I currently have 5,289 songs in iTunes. In order to use a different player, I have to convert ALL of them to a different format (easier said than done, considering Apple's encryption policies).

I can't do it. I don't have the will.

And so, I went onto Apple's online store (I refuse to link to it) and got a new 30GB iPod. I didn't want a video version, but I don't really have a choice (I am not buying second-hand merchandise). And I bought the extended warranty. I truly believe that the iPod is the only product in existence where the extended warranty is a good deal, as the damn thing seems to be manufactured to fall apart after the one-year warranty dies.

The new iPod is scheduled to arrive tomorrow.

I hate Apple.

3 comments:

Unknown said...

STOP SAYING ONE OF MY MIDDLE NAMES!!

oh, in high school, we did NOT have recess! recesses ended in 8th grade. in high school, we didn't go to recess. WE WENT ON BREAK! and than WE WENT ON BREAK TO LUNCH. We didn't go to recess; we weren't forced to exercised. NO! WE WENT ON BREAK! NOW GO BACK AND EDIT THAT PART. recess... don't make me vomit up tonight's dinner of under cook beans. did i say vomit? i meant don't make me engage in an involuntary personal protein spill!

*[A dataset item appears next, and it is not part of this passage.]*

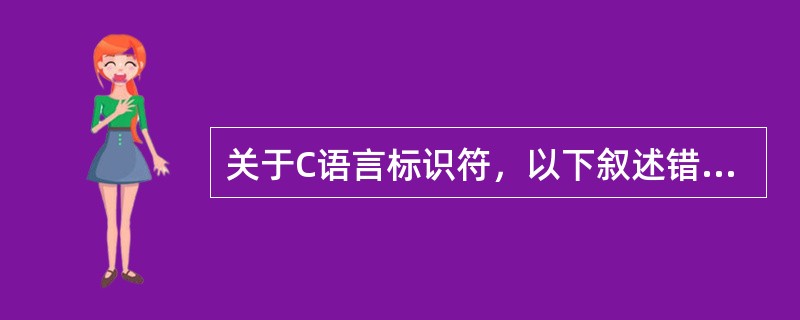 关于C语言标识符，以下叙述错误的是（　　）。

well if you know when the warrenty ends. and i assume that the ipod dies after a year. why don't you simply replace it before the year's out? whether's it's broken or not. you get almost double the the time? and you get a brand new one for free. but I assuming that they replace ipods instead of just repairing them.

Andrew Schnorr said...

Fine, edited.

As far as replacements, Apple won't do anything about it if there is no evident problem. And in both cases, there wasn't until it was too late.

Unknown said...

first, thank you for the edit.

second, why do you just break it on purpose? like the screen? than send it in before the warrenty expires.